WORK ITEM => The lines below, from the one holding "R9 Road achterderailleur" through the one holding "Mimilù floral-applique tulle", are to be restated word for word, with all images left out.

SOURCE MATERIAL =>
----------

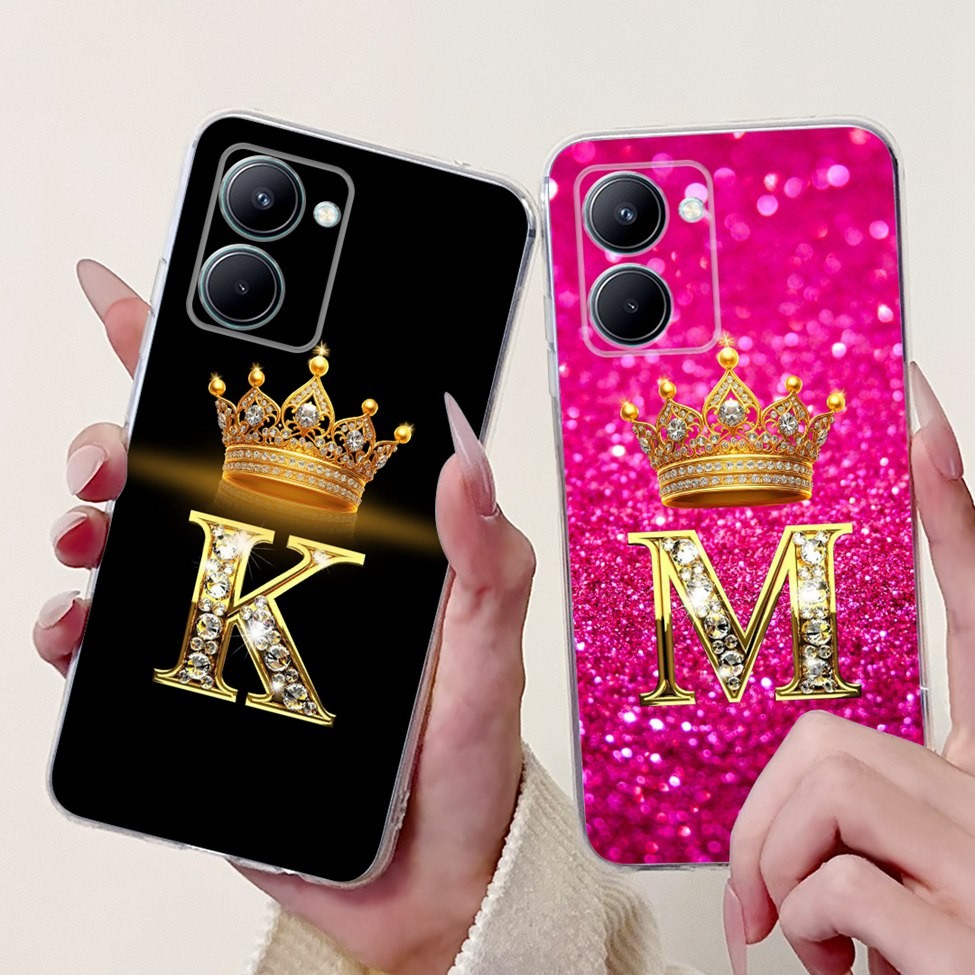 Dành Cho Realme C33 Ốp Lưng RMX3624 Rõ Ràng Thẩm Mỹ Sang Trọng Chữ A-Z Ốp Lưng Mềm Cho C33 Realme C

----------

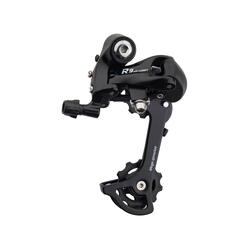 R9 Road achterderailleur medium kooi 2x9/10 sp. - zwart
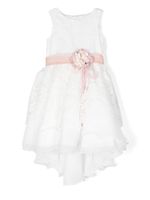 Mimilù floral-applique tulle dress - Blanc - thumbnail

----------

TASK RESPONSE =>
 R9 Road achterderailleur medium kooi 2x9/10 sp. - zwart
 Mimilù floral-applique tulle dress - Blanc - thumbnail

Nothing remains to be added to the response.